TFpackageText
TFpackageText copied to clipboard
mini-framework for model training and deployment
TFpackageText
Table of Contents
- Prerequisites
- Structure
-
Getting Started
- Installation
- Usage
- Model Training evaluating prediction
- Rewrite pretrained model interface
- API calls
- Swagger docs
- Data Pipeline
- Tensorflow serving
- Project Automation
- Examples
- Simple pressure test
- Contributing
- License
Prerequisites
- python >= 3.7
- tensorflow == 1.15
- fastapi == 0.75.2
Structure
.
├── Dockerfile # API service on containers
├── Jenkinsfile # Jenkins file used for automation
├── README.md
├── requirements.txt # required libraries
├── startup_api.sh # start API service
├── ..........
└── textMG # source directory
├── APIs # API codes
│ ├── api_logger # API logger
│ ├── base_models # pydantic BaseModel
│ ├── db # SQLAlchemy table definition
│ ├── html # html files
│ └── routers # API routers
│ ├── data_generator.py
│ ├── health_check.py
│ ├── tensorflow_service.py # all training/eval/pred/refer APIs
│ ├── users.py # user management APIs
│ ├── users_token.py # get secret keys db and token releated components
│ └── .....
├── configs # args config files
│ ├── config.py
│ └── config_multiGPU.py
├── datasets # for tools used for data loading&processing
│ ├── data_loader.py
│ ├── dataset.py # tools for data manipulating
│ └── generator.py # generator for data batch
├── embeddings # word2vec model embeddings
├── logs # logs file
├── models # deep learning models
├── test # testing for each components
├── tf_serving # tensorflow serving grpc and restful
├── utils # utils tools
├── main_multiGPU.py # main entrypoint for model training/eval/pred
├── api_run.py # main entrypoint for API services
├── startup.sh # another entrypoint for model training/eval/pred
└── ..........
Getting Started
Installation
$ pip install -r requirements.txt
or use it as a library
python setup.py sdist
pip install TFpackageText-0.0.1.tar.gz
Usage
from textMG import models, datasets, APIs
Model Training evaluating prediction
It is initially trained on multi-GPU environment
$ ./starup.sh -m [train|evel|pred]
or via APIs:
http://localhost:5000/api/v1/models/train
http://localhost:5000/api/v1/models/eval
http://localhost:5000/api/v1/models/pred
http://localhost:5000/api/v1/models/infer
http://localhost:5000/api/v1/models/pro_cons_infer
Rewrite pretrained model interface
original source code is trained via tf.estimater which is hard to debug and manipulate transformer models. The new interface will be able to run purely with session.
class Bert_module:
def __init__(self, *args, **kwargs):
self.bert = BertModel
self.kwargs = kwargs
def __call__(self, num_labels, max_len, hidden_size, reuse=tf.AUTO_REUSE, is_training=True, dropout=0.3, *args, **kwargs):
with tf.variable_scope('bert_classification', reuse=reuse):
output_weights = tf.get_variable(
"output_weights", [num_labels, hidden_size],
initializer=tf.truncated_normal_initializer(stddev=0.02))

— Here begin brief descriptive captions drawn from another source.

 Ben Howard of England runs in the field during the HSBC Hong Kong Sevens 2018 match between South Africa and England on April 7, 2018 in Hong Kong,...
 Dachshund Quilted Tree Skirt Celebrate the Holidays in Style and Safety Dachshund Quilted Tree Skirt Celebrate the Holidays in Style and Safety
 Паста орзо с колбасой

set 'is_pretrained' to be True in order to use pretrained model as embeddings
parser.add_argument('--is_pretrained', type=bool, default=True)
API calls
- Start API:
$ python api_run.py
or start API in a container
$ docker build -t api_docker .
$ docker run -t -p 80:5000 -v /home/projects/TFpackageText/textMG:/home/projects --name=api_docker_service api_docker
or run api on production
$ gunicorn api_run:app --workers 2 --worker-class uvicorn.workers.UvicornWorker --bind 0.0.0.0:5000 --log-level debug
- Authentication:
generate a secret key and save it:
$ openssl rand -hex 32
generate hashed password:
$ from passlib.context import CryptContext
$ hashed_password = CryptContext(schemes=["bcrypt"], deprecated="auto").hash('admin')
create an admin user:
$ insert into users_v(id, first_name,last_name,email,hashed_password) values(1, 'admin', 'v', '[email protected]', '$hashed_password')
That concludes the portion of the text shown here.